Let $EFG$ be a triangle such that $P$, $N$ and $M$ are the midpoints of $EF$, $EG$ and $FG$ respectively. The problem is to show that:
$$Q/2< EM+FN+GP<Q,$$ where $Q$ is the perimeter of the triangle $EFG$.
My approach: I figured that I'd try using the triangle inequality in the triangles formed inside, but that didn't lead me to anything.
So any hint or help are much appreciated.
Properly D S suggests: \begin{align*} 2EM<EG+EF,\\ 2GP<EG+GF,\\ 2FN<EF+FG. \end{align*} By addition, $2(EM+FN+GP)<2(EF+FG+EG)\ \Rightarrow\ EM+FN+GP<Q$.

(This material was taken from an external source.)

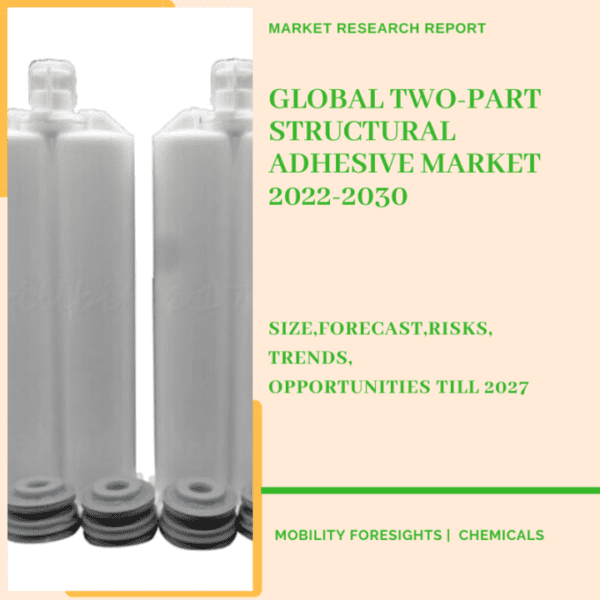 Two-Part Structural Adhesive Market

Let $O$ be the centroid of $\triangle EFG$. The left inequality can be obtained like this: \begin{align*} OE+OF>EF\Rightarrow\ 2EM/3+2FN/3>EF,\\ OE+OG>EG\Rightarrow\ 2EM/3+2GP/3>EG,\\ OF+OG>EG\Rightarrow\ 2FN/3+2GP/3>FG.\\ \end{align*} By addition, $$ 4(EM+FN+GP)/3>EF+FG+EG\ \Rightarrow\ EM+FN+GP>3Q/4>Q/2. $$ This last inequality is in the book on page 86. However, the first inequality is not there.
This last inequality can also be proved like this: \begin{align*} OE+ON>EN\Rightarrow\ 2EM/3+FN/3>EG/2,\\ OF+OP>FP\Rightarrow\ 2FN/3+GP/3>EF/2,\\ OG+OM>GM\Rightarrow\ 2GP/3+EM/3>FG/2.\\ \end{align*} By addition, $$ EM+FN+GP>(EF+FG+EG)/2\ \Rightarrow\ EM+FN+GP>Q/2. $$